KABARINDO, JAKARTA - Krisis air merupakan ancaman yang nyata. Data Badan Kesehatan Dunia (WHO) menyebut, sejak 2017, dari empat manusia, satu orang tidak mendapatkan air layak minum. Indonesia diprediksi mengalami krisis air di tahun 2040.
“Kita harus mewaspadai dan merespons prediksi World Research Institute itu. Indonesia perlu orkestrasi tata kelola ekosistem air. Ancaman krisis air sangat nyata dan kian memprihatinkan,” kata Pakar pertahanan dan pangan, Dina Hidayana.
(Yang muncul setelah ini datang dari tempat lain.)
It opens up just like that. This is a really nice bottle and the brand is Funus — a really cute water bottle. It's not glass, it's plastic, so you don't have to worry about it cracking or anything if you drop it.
Dina, yang juga Sahli MPR RI ini mengingatkan, bahwa Badan Pangan Dunia (FAO) di tahun 2000 pun telah melaporkan temuan sekitar 2 juta orang yang mayoritas anak-anak dari negara miskin dan berkembang menderita berbagai penyakit yang disebabkan kelangkaan air, kelaparan dan sanitasi yang buruk, artinya air sangat berkaitan erat dengan sektor pangan dan non pangan, termasuk tingginya mortalitas.
Indonesia baru saja menjadi tuan rumah dalam perhelatan World Water Forum (WWF) ke-10 yang berlangsung 18-25 Mei 2024 di Bali. Pertemuan internasional yang digagas Dewan Air Dunia sejak 1997 ini dimaksudkan membahas isu-isu dan kebijakan air di tataran global.
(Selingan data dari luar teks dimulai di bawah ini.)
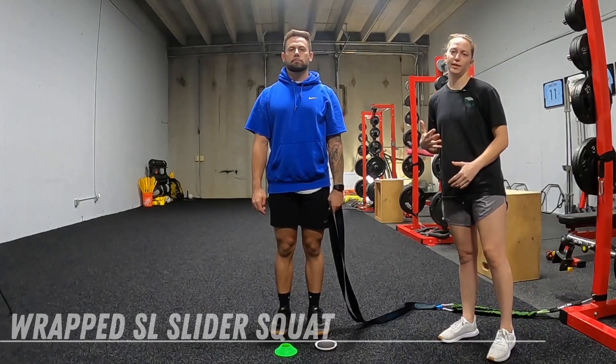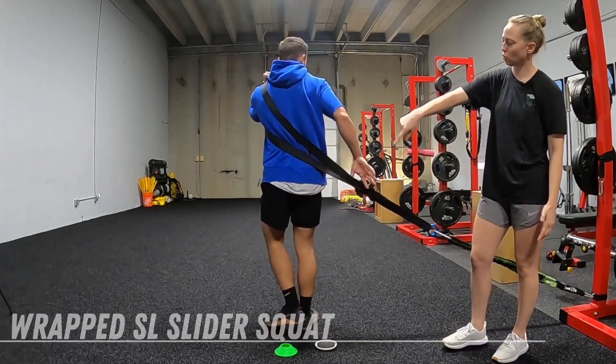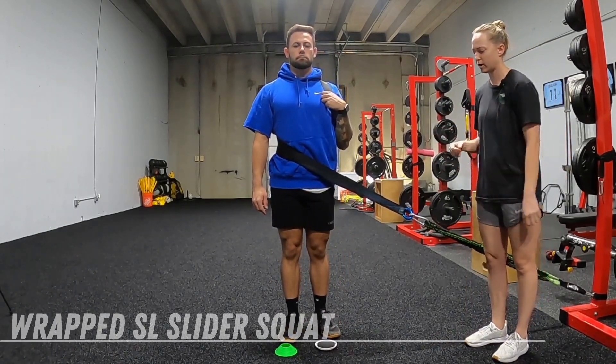This is our wrapped single leg squat. We're going to take our strap and put it on like a backpack, rotating it so it comes around our back all the way around to our front. We're anchored here so it's trying to pull on us this way.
“Indonesia yang memiliki luas lautan dan perairan lebih dari 62 persen tentunya sangat berkepentingan atas forum ini,” kata Dina, yang menghadiri pagelaran Cultural Night pada Jum’at (24/5) sebagai agenda pamungkas serangkaian kegiatan WWF di Taman Bhagawan Nusa Dua Bali.
Dina Hidayana, yang juga Ketua Umum IKATANI UNS ini merespon positif pertemuan multilateral tersebut beserta gagasan dan hasil-hasilnya yang diharapkan mengarah pada akselerasi terciptanya kebijakan dan kemajuan tata kelola air yang berkeadilan. Kebutuhan air, baik untuk sektor pangan dan non pangan semakin eksponensial seiring laju manusia dan perubahan gaya hidup, maka perlu diantisipasi disparitas dalam memenuhi ketersediaan dan rasa keadilan di level masyarakat, terutama di negara-negara rawan konflik yang berkategori belum maju, seperti Indonesia, tegas Dina.
Air bersih dibutuhkan bukan hanya untuk air minum, mandi, pangan manusia ataupun pakan hewan, namun juga berbagai keperluan lain untuk eksistensi dan kesinambungan ekosistem. Sektor pertanian bahkan sangat bergantung pada pasokan air. Ironisnya, berdasar data di laman setneg.go.id disebutkan total air tawar dipermukaan bumi hanya sekitar 2,5%, sisanya sebesar 97,5% berupa air salinasi atau air laut.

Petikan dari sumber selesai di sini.